The kids and I had another intense conversation about boundaries, limits, abuse, and standing up for themselves. We talked about how it is better to hurt my feelings now by telling me to BACK OFF rather than hurt my feelings later when you have to stop having a relationship with me because I have a pattern of hurting you. I’d rather not hurt you. Sometimes I am a giant asshole and I will hurt you. I require feedback. I’m sorry that I do. I do.
This trip has been a wonderful experience and I’m so glad we did this. I will remember this forever as a positive time when we learned how to depend on one another to get stuff done. We take our sense of home with us. We haven’t gotten really impatient and pissy to go home till this last month. That’s pretty incredible. And the kids have never gotten mad and told me they are angry we came on the trip. They might get halfway through a similar sentence and I say, “Oh really. You are sorry we did ____ and ______ and _____ and” then they say, “Ok I’m glad we came. This has been incredible.”
I don’t want to bully them. I don’t want to “get away” with doing it because I’m not being watched. So I watch myself.
It’s the only way I know to try and be better.
Eldest Child had a fascinating question the other day about why is it hard to deal with a lot of these parenting issues. We had a conversation about how we are at a fascinating place in history where parenting ideals are radically changing and adapting is hard. There are always hard crunch points as populations change and grow. We talked about the evolution of beliefs from “You must hit your children to prove you love them” to “You must not hit your children to prove you love them” and why that is hard in terms of managing bodily impulses and frustration.
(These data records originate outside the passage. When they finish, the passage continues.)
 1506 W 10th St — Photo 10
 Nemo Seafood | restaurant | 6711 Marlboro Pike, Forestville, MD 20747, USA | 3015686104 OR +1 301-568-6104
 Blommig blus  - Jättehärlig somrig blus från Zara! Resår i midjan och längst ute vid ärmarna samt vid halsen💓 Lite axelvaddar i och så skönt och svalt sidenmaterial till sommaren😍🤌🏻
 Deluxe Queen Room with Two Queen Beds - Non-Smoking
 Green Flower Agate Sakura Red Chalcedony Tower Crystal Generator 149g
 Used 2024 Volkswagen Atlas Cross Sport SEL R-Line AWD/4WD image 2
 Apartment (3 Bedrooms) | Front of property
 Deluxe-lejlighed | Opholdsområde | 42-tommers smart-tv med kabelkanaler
God I love talking to this kid. She blows my mind every day.
Youngest Child continues to alternate between being a ray of sunshine and having excessive temper. Goodness the intensity of that kid.
I’m told that as often as possible I should just be using “kid” as gender instead of boy or girl. It’s kind of clunky in language. But I’m trying.
I’m trying every day. Only 15 days till we go home. I won’t start frequent blogging right away. I seriously need to let my arms heal.